Nie wyłapałem w wielu minusów. W utworze się tylko nieliczne standardowe błędy, takie jak literówki, brak niektórych znaków przestankowych, czy podwójne spacje. Ale jest bardzo mało. Są praktycznie niezauważalne i nie przeszkadzają w lekturze. Przeszkadzał mi za to i utrudniał czytanie brak wyjustowania tekstu. Zauważam ten mankament, niestety, w wielu publikacjach elektronicznych. „Stalową kurtynę” przeczytałem w wersji .pdf i go wynotowałem. Jednak takie publikacje mają także dużo plusów, a jednym z bardziej przydatnych jest możliwość dopasowania wielkości czcionki do preferencji czytelnika.
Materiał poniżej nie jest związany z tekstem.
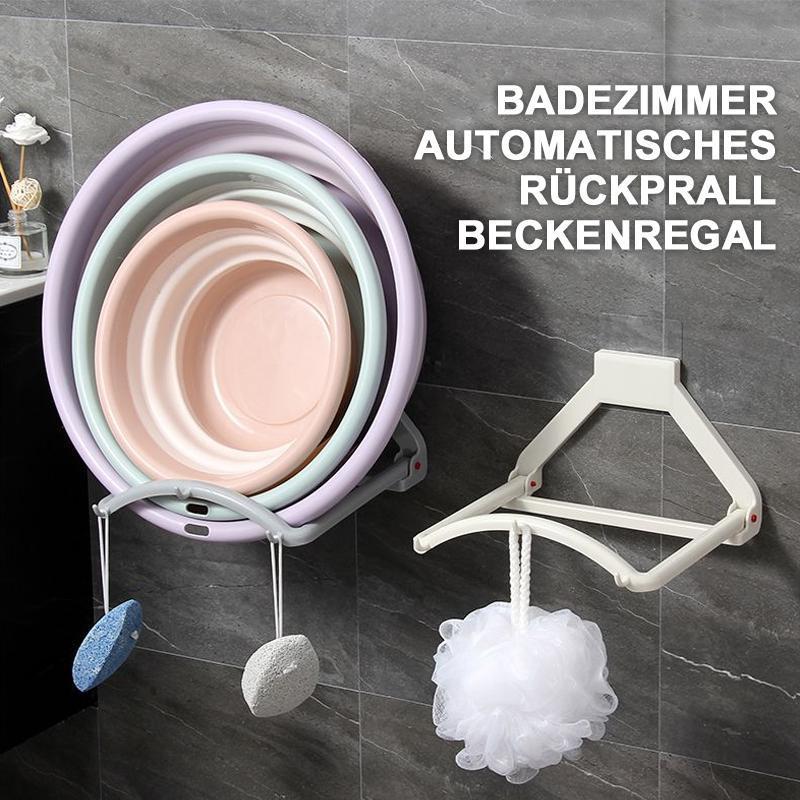 Lisslune | Bathroom Automatic Rebound Basin Shelf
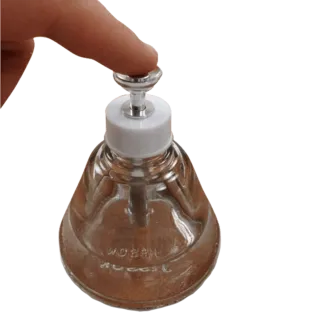 MR Szajnik Dyspenser Glass 180ml - Specjalny dystrybutor wody do polerowania butów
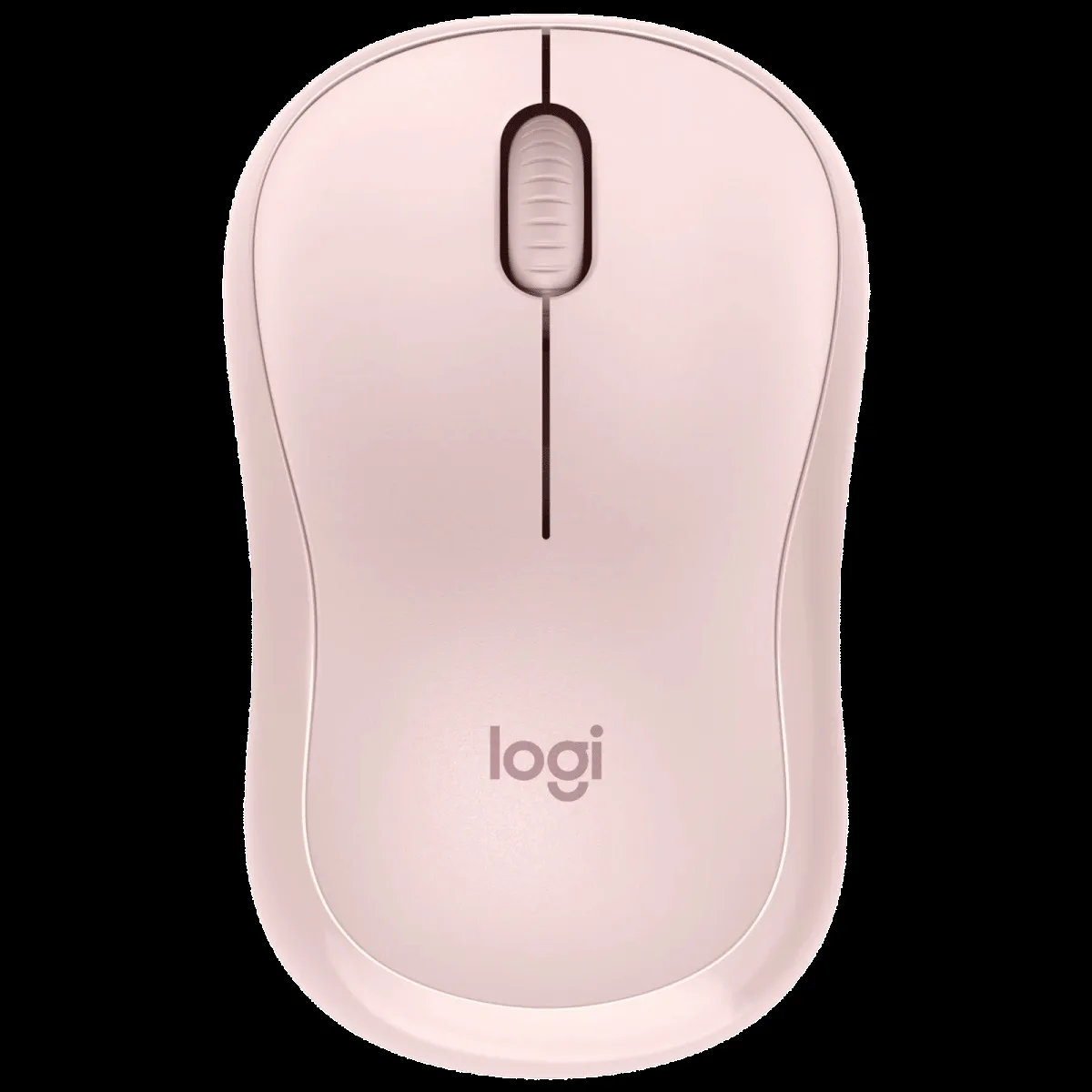 logitech M240 Bluetooth Wireless Optical Mouse (4000 DPI Adjustable, Sensor Technology, Rose)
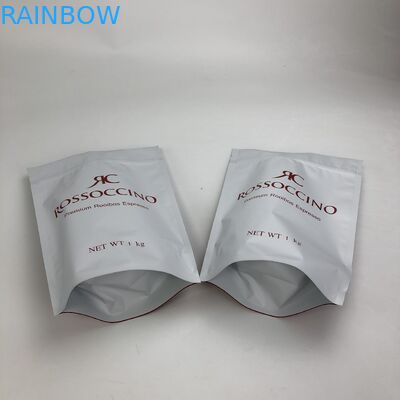 Frosted Plastic Zipper Bag Made Craft Food Packaging Drawstring Low Moq Printing Digital Printed Stand Up Pouch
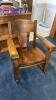 Wooden Rocking Chair - 2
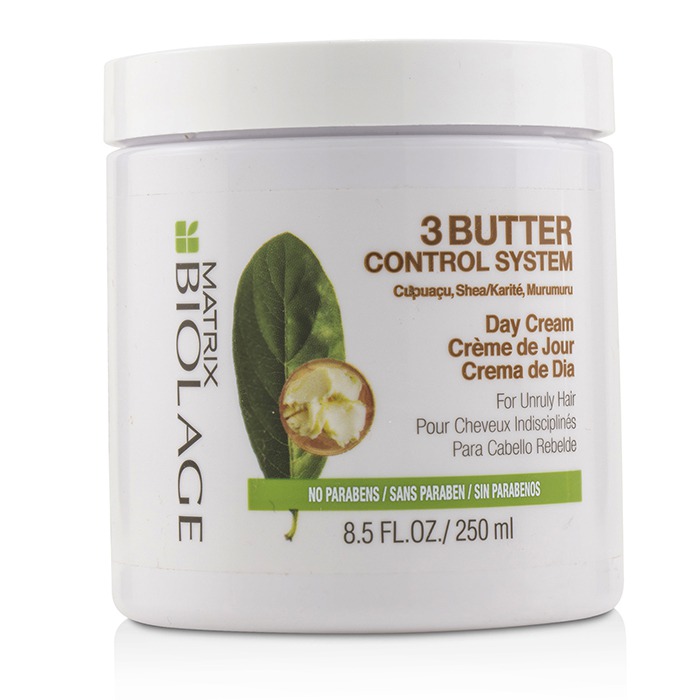 Matrix Krem do włosów Biolage 3 Butter Control System Day Cream (For Unruly Hair) 250ml/8.5ozProduct Thumbnail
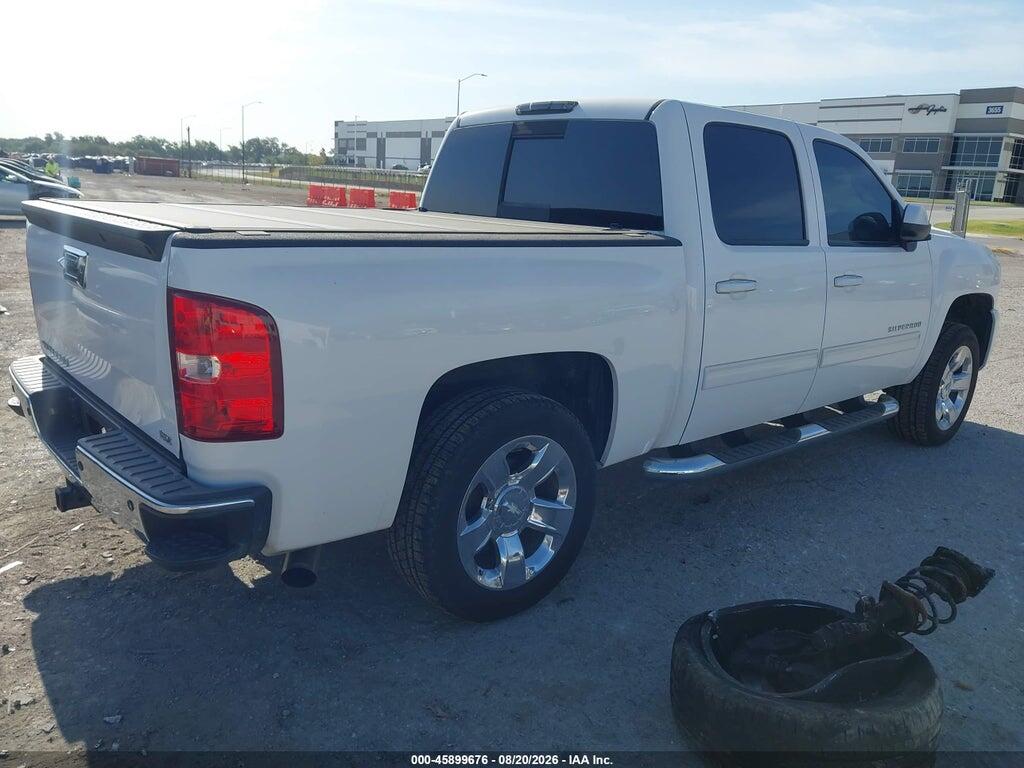 3GCFC13599G194972 2009 CHEVROLET SILVERADO 1500 HYBRID photo no. 4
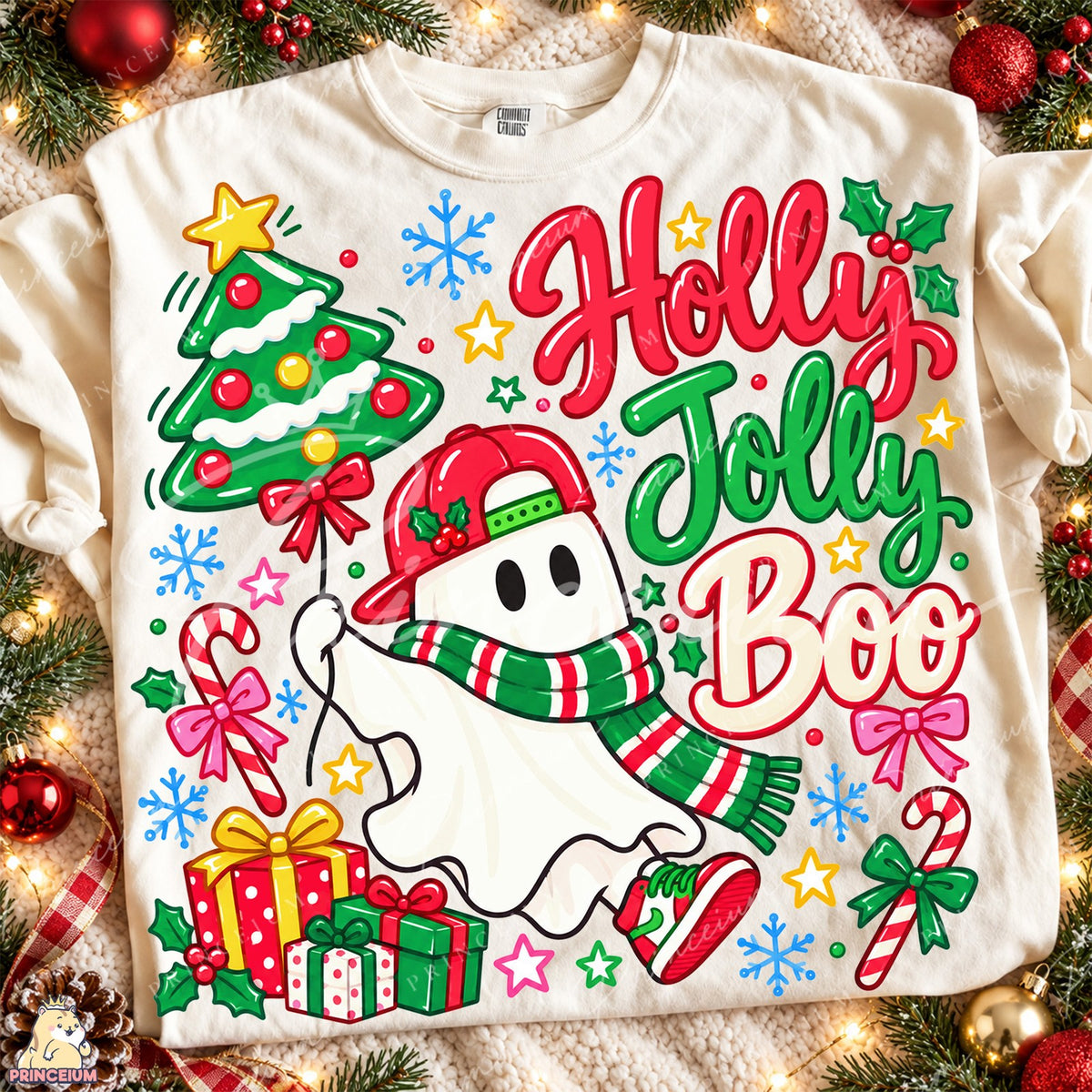 Holly Jolly Boo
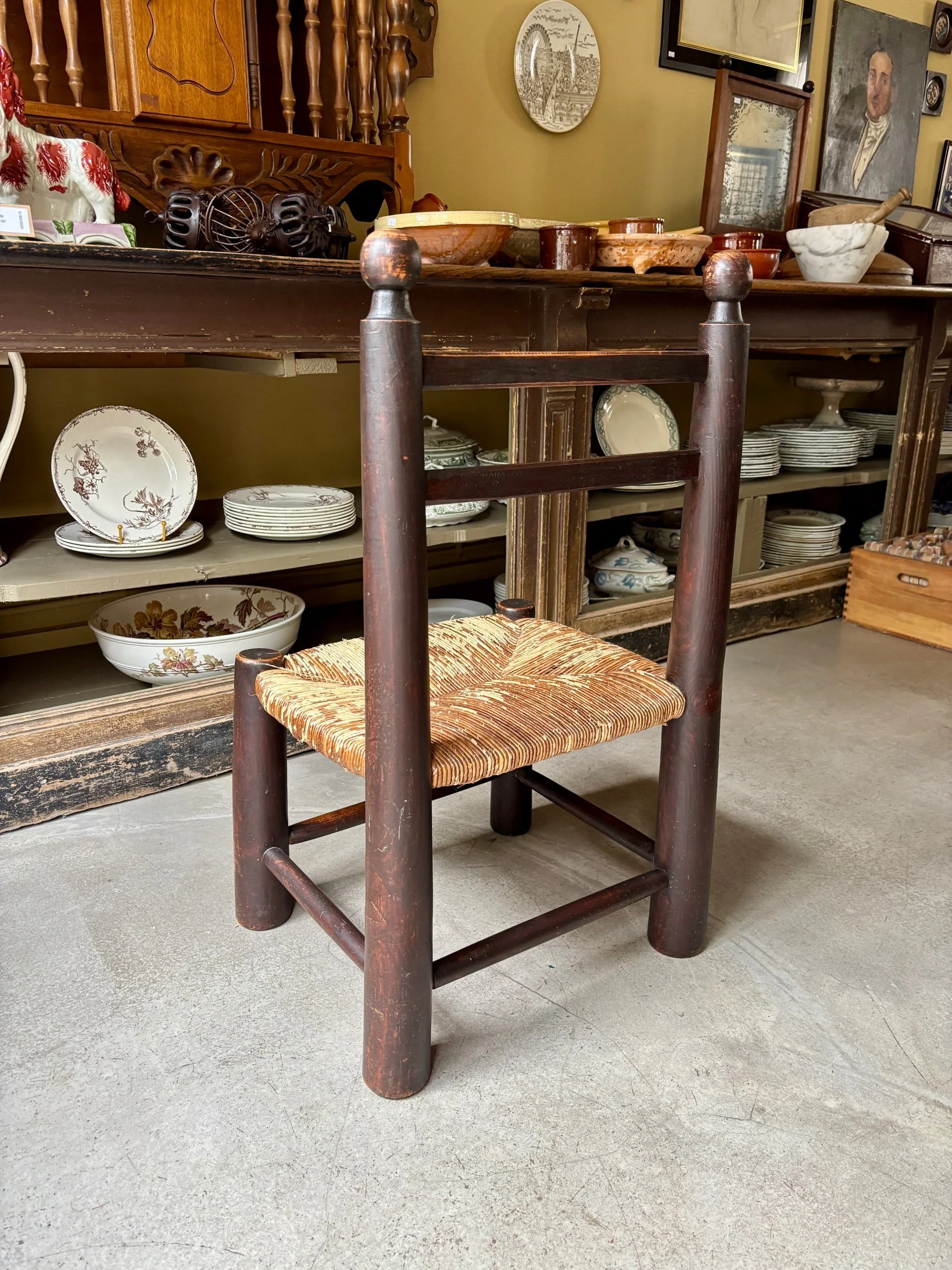 chaise-basse-george-robert-2-bois-paille-assise-vintage-axs-design-paris-france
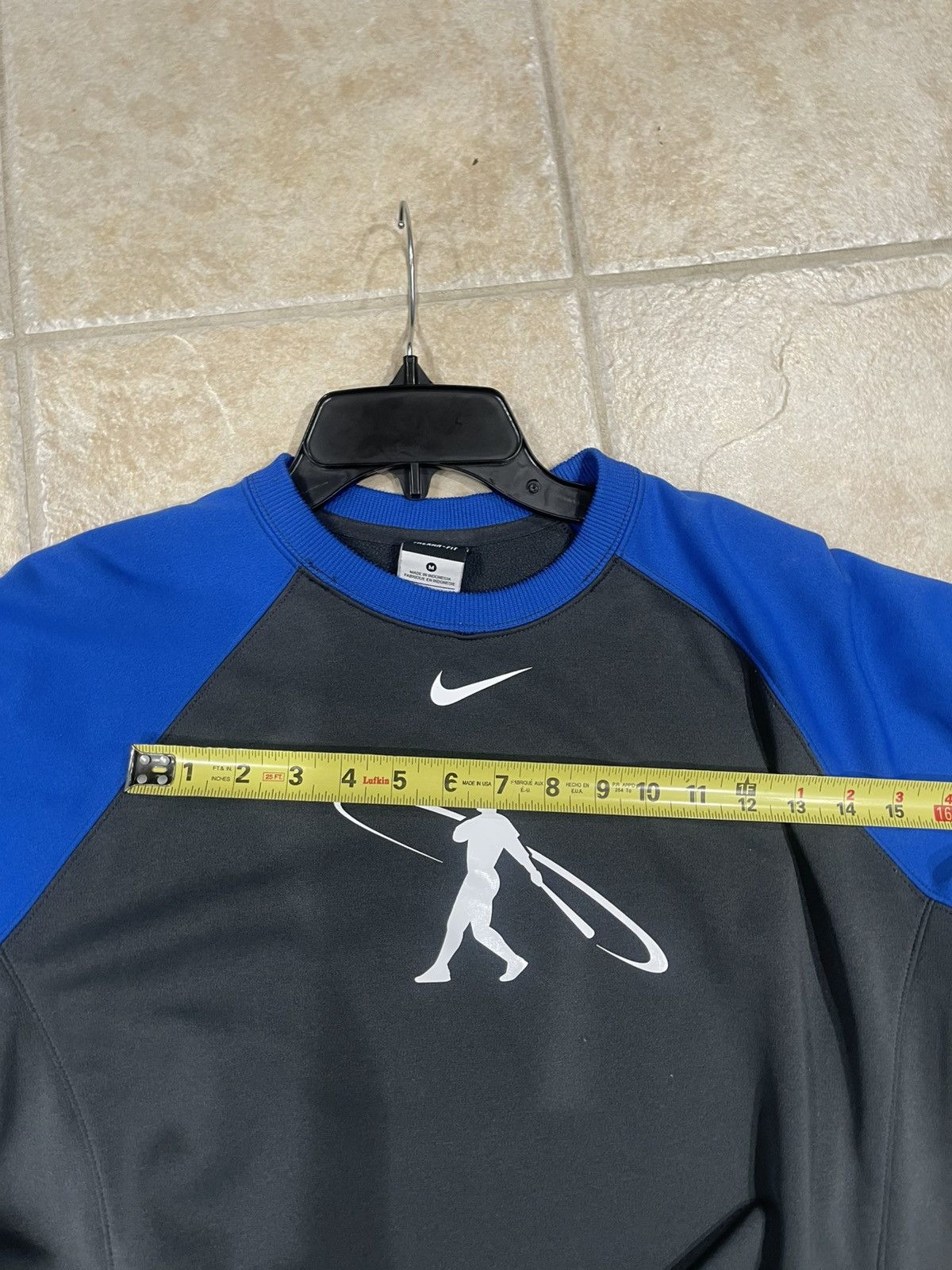 Nike Nike Ken Griffey Jr. Mens M MLB Baseball Pullover Sweater Size US M / EU 48-50 / 2 - 7 Thumbnail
Lekturę wydanej w 2010 roku książki „Stalowa kurtyna” polecam wszystkim miłośnikom dobrej powieści wojennej, thrillerów i twórczości Vladimira Wolffa, który napisał już kolejne tomy cyklu o Andrzeju Wirskim i kilka innych powieści militarnych. Uważam jednak, że powinni się z nią zapoznać, przede wszystkim, przedstawiciele polskiej siatki wywiadowczej, ich przełożeni, wojskowi i politycy.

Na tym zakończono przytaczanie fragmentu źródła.